(DATA BELOW Opens)

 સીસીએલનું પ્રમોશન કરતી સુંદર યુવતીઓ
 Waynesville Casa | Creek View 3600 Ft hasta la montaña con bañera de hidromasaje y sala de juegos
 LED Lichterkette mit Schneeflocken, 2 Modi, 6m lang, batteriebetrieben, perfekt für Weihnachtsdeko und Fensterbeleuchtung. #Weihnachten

(DATA BELOW Closes)

■ **EXERCISE DETAILS**
Restate every line of the data word for word.

■ **ANSWER TO THIS PROBLEM**
 સીસીએલનું પ્રમોશન કરતી સુંદર યુવતીઓ
 Waynesville Casa | Creek View 3600 Ft hasta la montaña con bañera de hidromasaje y sala de juegos
 LED Lichterkette mit Schneeflocken, 2 Modi, 6m lang, batteriebetrieben, perfekt für Weihnachtsdeko und Fensterbeleuchtung. #Weihnachten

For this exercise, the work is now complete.